And there was much to like about the man who now sat in the witness box. Before the surgeries, we learned, he had been a highly motivated worker, who loved his chosen profession. It was his life, as he said with utterly believable passion. Though divorced, he was also a devoted father, who took the time needed to commute a good distance at the weekends to spend time with the daughter he appeared to dote on, as fathers tend to do. With his new partner in life, he had good friends, an active social life, a home they had purchased together, and plans to be married soon. All of which came to an end. The pain, he testified, with genuine tears in his eyes, had changed him into a man who became, in his own words, “a very unpleasant person.”

He described in painful detail the long journey he had taken through the nightmare of diagnostic tests, hospitals and surgeries. He described his deteriorating physical condition, his worsening depression, his inability to work, the humiliation of losing his appetite for life—including sexual activity—and the grief of being deprived of those qualities that had made him a good partner in a relationship, and a good father to his daughter. In all this, he expressed the desire to get back to his work and his life, his plans to re-qualify for a more sedentary position in real estate; the desire to recover. He was a compelling witness, anxious to show us that he had not lost hope.

I am sure that there was no lack of human sympathy for this man amongst the jury members as his testimony concluded. How could it be otherwise?

Next to appear was an evidently competent and experienced nurse whose expertise was “life care planning.” She had worked, primarily with the Antelope Valley neurosurgeon whose testimony we had heard, to develop the plan that the doctor had detailed for us while he was on the stand, and she was brought on to explain how the plan was drawn up and why she considered every part of it to be justified and necessary.

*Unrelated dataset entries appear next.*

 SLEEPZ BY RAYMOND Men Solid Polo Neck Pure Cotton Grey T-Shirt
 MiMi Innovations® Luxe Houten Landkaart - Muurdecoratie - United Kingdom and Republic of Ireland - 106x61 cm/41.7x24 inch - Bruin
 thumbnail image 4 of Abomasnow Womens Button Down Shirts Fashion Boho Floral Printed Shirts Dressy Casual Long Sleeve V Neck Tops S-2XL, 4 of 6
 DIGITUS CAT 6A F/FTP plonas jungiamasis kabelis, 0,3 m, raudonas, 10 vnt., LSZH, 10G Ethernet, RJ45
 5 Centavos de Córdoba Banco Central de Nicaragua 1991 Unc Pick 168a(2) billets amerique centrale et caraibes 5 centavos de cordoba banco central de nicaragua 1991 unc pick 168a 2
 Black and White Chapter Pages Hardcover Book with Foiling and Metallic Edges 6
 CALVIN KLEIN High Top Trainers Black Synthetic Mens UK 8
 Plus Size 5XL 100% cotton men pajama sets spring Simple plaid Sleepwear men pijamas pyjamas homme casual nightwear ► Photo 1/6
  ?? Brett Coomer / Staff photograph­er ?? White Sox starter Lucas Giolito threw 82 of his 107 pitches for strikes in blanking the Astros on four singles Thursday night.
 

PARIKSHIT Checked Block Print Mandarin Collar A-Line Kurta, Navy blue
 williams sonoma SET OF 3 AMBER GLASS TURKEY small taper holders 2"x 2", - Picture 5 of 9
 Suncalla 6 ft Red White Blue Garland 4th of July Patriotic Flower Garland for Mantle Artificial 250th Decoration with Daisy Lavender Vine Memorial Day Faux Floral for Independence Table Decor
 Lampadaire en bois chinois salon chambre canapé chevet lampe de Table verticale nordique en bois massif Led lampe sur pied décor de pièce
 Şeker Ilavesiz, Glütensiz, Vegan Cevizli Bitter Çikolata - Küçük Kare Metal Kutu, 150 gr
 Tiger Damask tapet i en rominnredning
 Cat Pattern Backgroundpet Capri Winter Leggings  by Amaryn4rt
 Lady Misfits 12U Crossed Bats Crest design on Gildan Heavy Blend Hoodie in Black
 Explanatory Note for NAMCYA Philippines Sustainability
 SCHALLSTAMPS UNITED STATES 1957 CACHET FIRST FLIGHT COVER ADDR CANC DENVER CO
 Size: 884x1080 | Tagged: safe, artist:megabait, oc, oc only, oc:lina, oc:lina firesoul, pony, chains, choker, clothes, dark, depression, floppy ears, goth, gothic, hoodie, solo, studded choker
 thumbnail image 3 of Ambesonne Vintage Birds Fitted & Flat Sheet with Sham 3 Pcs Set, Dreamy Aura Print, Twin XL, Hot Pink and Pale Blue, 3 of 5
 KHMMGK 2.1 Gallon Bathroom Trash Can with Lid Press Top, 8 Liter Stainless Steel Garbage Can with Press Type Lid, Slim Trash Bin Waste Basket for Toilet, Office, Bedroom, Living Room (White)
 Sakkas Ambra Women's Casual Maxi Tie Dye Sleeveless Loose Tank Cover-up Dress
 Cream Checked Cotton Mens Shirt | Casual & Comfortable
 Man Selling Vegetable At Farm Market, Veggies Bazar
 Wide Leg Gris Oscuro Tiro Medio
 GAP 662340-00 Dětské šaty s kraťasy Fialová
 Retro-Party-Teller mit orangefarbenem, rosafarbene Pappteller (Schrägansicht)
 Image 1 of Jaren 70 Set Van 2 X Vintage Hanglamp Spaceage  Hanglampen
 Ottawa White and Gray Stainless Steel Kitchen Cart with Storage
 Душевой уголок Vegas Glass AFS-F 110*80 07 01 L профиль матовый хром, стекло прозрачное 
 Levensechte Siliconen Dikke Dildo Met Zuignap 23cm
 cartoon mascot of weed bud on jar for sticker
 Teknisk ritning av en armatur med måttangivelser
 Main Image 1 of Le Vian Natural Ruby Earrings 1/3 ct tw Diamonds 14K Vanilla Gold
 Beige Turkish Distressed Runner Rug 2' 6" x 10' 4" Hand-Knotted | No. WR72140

(I don’t know what was going through the heads of other jurors, but it was at this point that I found myself wondering why it was that the whole battery of witnesses for the plaintiff were associated with the Antelope Valley hospital—the radiologist, the neurosurgeon, the orthopedic surgeon, the life care planner—when most of the examinations and all of the surgeries had taken place elsewhere. I might not have worried about this so much, had it not been made clear that the plaintiff had seen the Antelope Valley neurosurgeon only twice, both times after hiring his attorney, and had no plans to see him again. Whence, then, the heavy involvement of the Antelope Valley people, unless for the purposes of the lawsuit itself, to construct the necessary story?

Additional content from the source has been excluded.